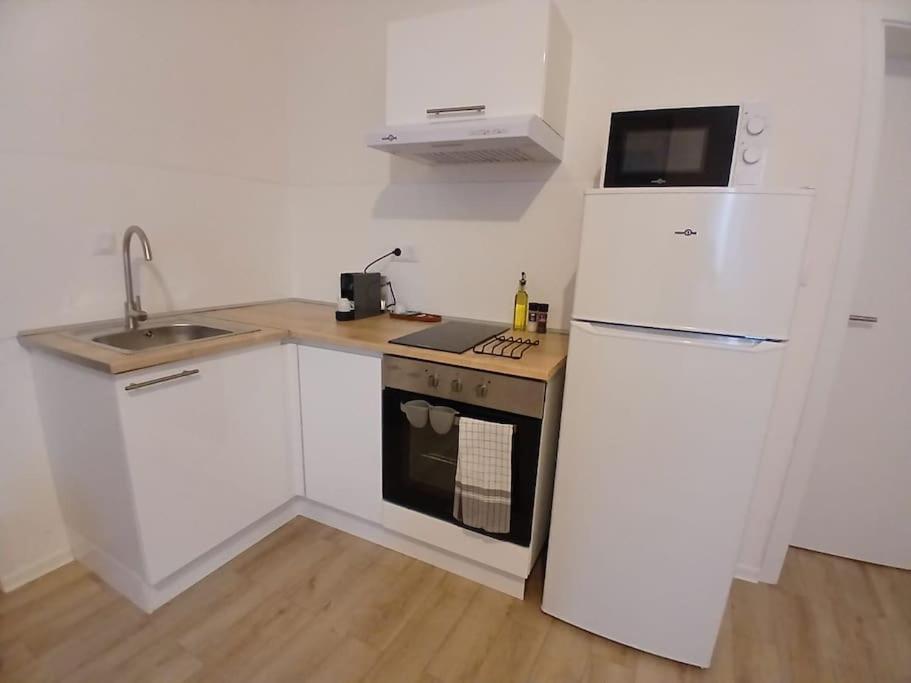 Appartement F1 Orchidee Мюлуз Екстериор снимка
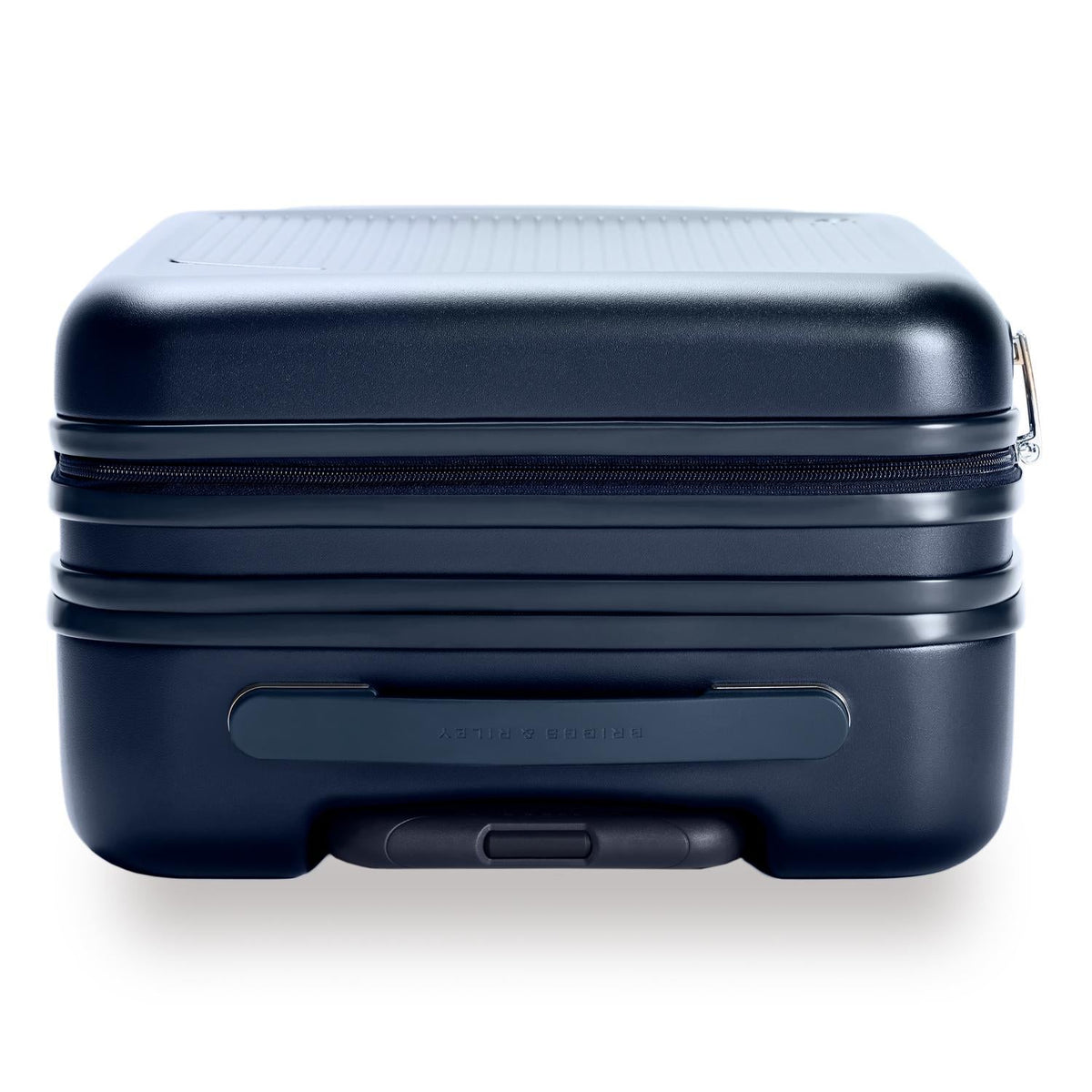 Briggs & Riley Sympatico Global 21" Carry-On Expandable Spinner in Navy — detail view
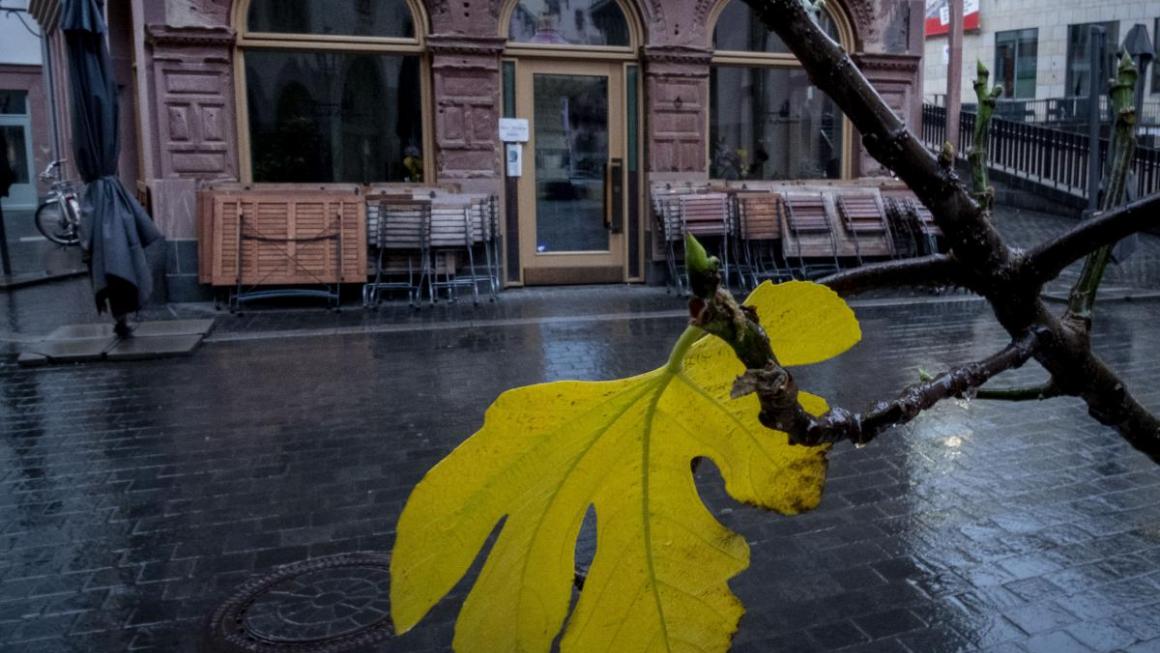 Галерия :: Снимка 2 :: Как изглежда Германия във втория локдаун (снимки)}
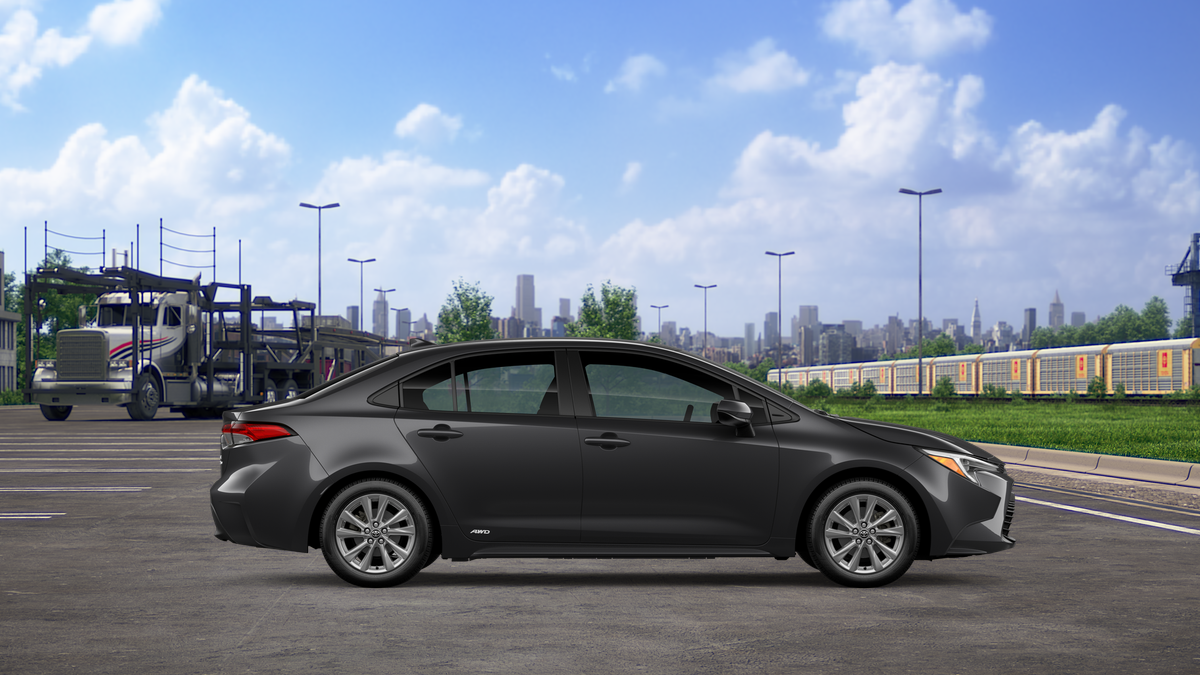 New 2027 Toyota Corolla Hybrid Sedan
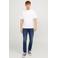 JACK & JONES JEANS INTELLIGENCE slim fit jeans JJITIM JJORIGINAL blue denim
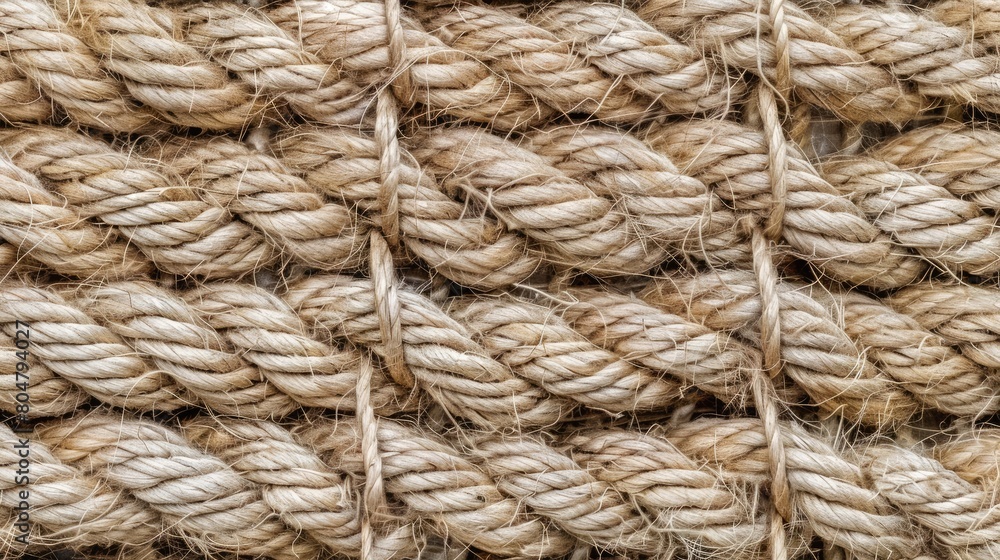 Thin rope texture design for business cards, flyers, tiles, and textile printing. Ai Generated. Thin rope texture design for business cards, flyers, tiles, and textile printing. Ai Generated.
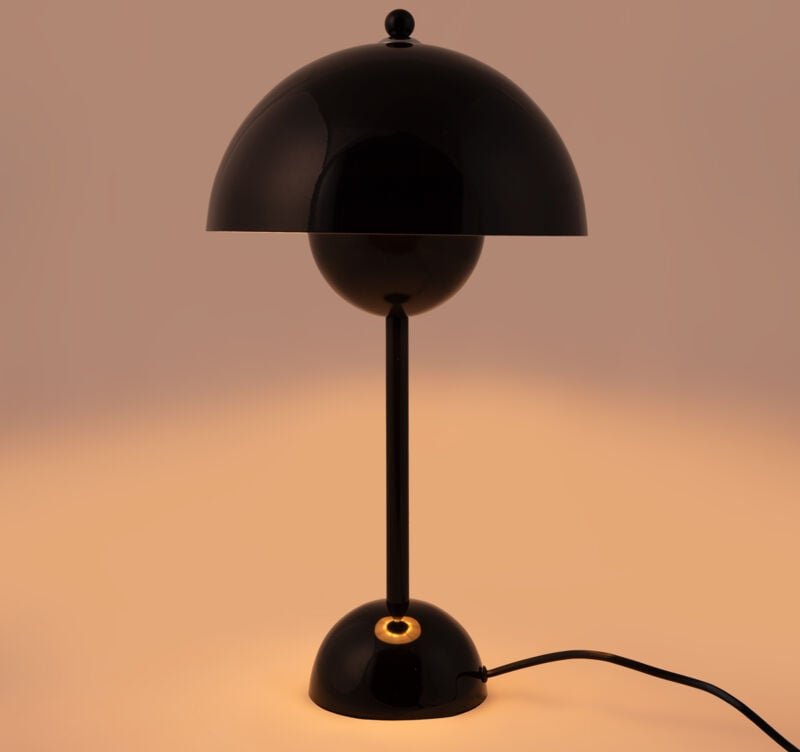 Vintage Design Tischlampe „Floralis“ - E27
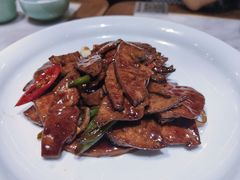 酱爆猪肝-泰钰丰烤鸭.天津菜(开发区店)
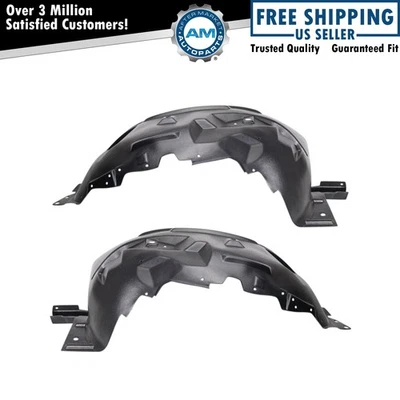 Juego de forro de guardabarros interior delantero para Mazda B2300 B2500 B3000 B4000 1998-2009 Foto 1 de 4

********************

▶ [Requirement]: Write out every line of the listing exactly as written, and leave the pictures out.

▶ [Response to this task]:
 Appartement F1 Orchidee Мюлуз Екстериор снимка
 Briggs & Riley Sympatico Global 21" Carry-On Expandable Spinner in Navy — detail view
 Галерия :: Снимка 2 :: Как изглежда Германия във втория локдаун (снимки)}
 New 2027 Toyota Corolla Hybrid Sedan
 JACK & JONES JEANS INTELLIGENCE slim fit jeans JJITIM JJORIGINAL blue denim
 Thin rope texture design for business cards, flyers, tiles, and textile printing. Ai Generated. Thin rope texture design for business cards, flyers, tiles, and textile printing. Ai Generated.
 Vintage Design Tischlampe „Floralis“ - E27
 酱爆猪肝-泰钰丰烤鸭.天津菜(开发区店)
 Juego de forro de guardabarros interior delantero para Mazda B2300 B2500 B3000 B4000 1998-2009 Foto 1 de 4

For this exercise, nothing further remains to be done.